Cependant, malgré ses belles performances, l’idylle entre une équipe en renouvellement, tournée vers les joueurs de l’est et Türkcan ne dure pas. La saison 2002/2003 est pour lui l’occasion d’expérimenter un nouveau championnat avec le Montepaschi Siena, en Italie. Mais en retrouvant au passage une vieille connaissance en la personne d’Ergin Ataman, ancien coach assistant au sein d’Efes Pilsen. Pour l’entraîneur turc, une belle occasion d’attirer un joueur qu’il a bien connu et dans un club tout récent vainqueur de la Coupe Saporta une saison auparavant. Pour cela, Türkcan est bien entouré par la présence d’Alphonso Ford, du meneur macédonien gaucher Vrbica Stefanov, du pivot italien Roberto Chiacig et de l’ailier lituanien Mindaugas Žukauskas. Sur le plan national, Siena est éliminée en demi-finale des play-offs par Benetton Treviso mais l’Euroleague permet au club italien de briller et à Türkcan de se sublimer. Un premier tour très compliqué avec une qualification arrachée de justesse pour commencer (6ème place sur 8 avec une petite victoire d’avance sur le Žalgiris Kaunas).
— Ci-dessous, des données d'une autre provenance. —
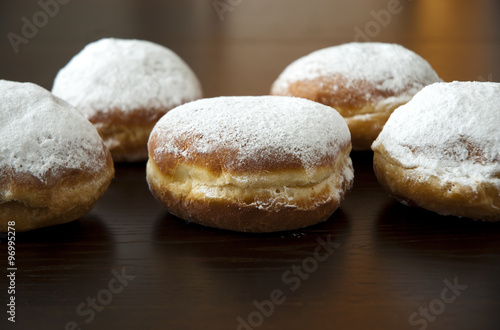donut with powder sugar against dark background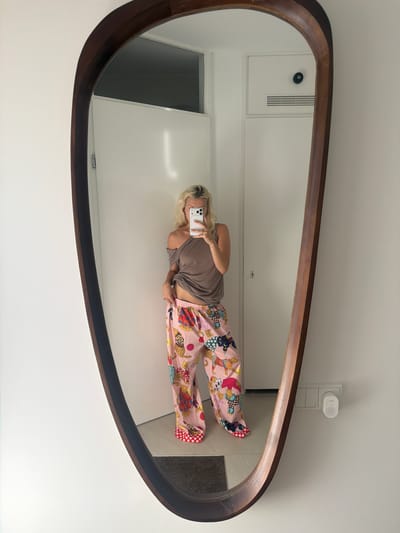 A blonde woman is taking a mirror selfie in a room with white walls. She is wearing an off-the-shoulder brown top and pink pajama pants with a colorful leopard print. Her left hand is on her hip, and her right hand is holding a smartphone. The room appears to be a hallway or entryway, with a closed door in the background and a light switch and a small white device on the wall to the right. The mirror itself is large and has a dark wooden frame with an irregular shape. The overall setting is modern and minimalist.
Avant une seconde étape de poule rondement menée et une qualification obtenue avec la première place devant le Skipper Bologne, le Panathinaïkos et un autre club qui devra disparaître mais qui va compter dans la carrière de l’ailier turc, Ülkerspor. La suite est pourtant une nouvelle élimination contre le… Benetton Treviso (62-65) mais une belle troisième place obtenue contre le… CSKA Moscou 79-78 avec 14 points et 4 rebonds de Mirsad Türkcan. Le Barcelone de Gregor Fučka remportant l’édition 2003 à domicile. Une fois encore, le Turc est désigné MVP de saison régulière et se trouve au sein de la deuxième équipe d’Euroleague en compagnie du meneur Marcus Brown, ancien de Limoges, de l’arrière serbe Miloš Vujanić, du pivot croate Nikola Vujčić et de l’Argentin Andrés Nocioni. Mirsad Türkcan, après ces belles promesses et avec l’envie de bouger quitte l’Italie et revient au… CSKA Moscou la saison suivante (2003/2004) mais dans un nouvel environnement. Drivé par le coach de légende, le Serbe Dušan Ivković, le Turc volant va avoir davantage de matière autour de lui.

Le CSKA rendant hommage à Mirsad Türkcan (Crédit photo : cskabasket.com)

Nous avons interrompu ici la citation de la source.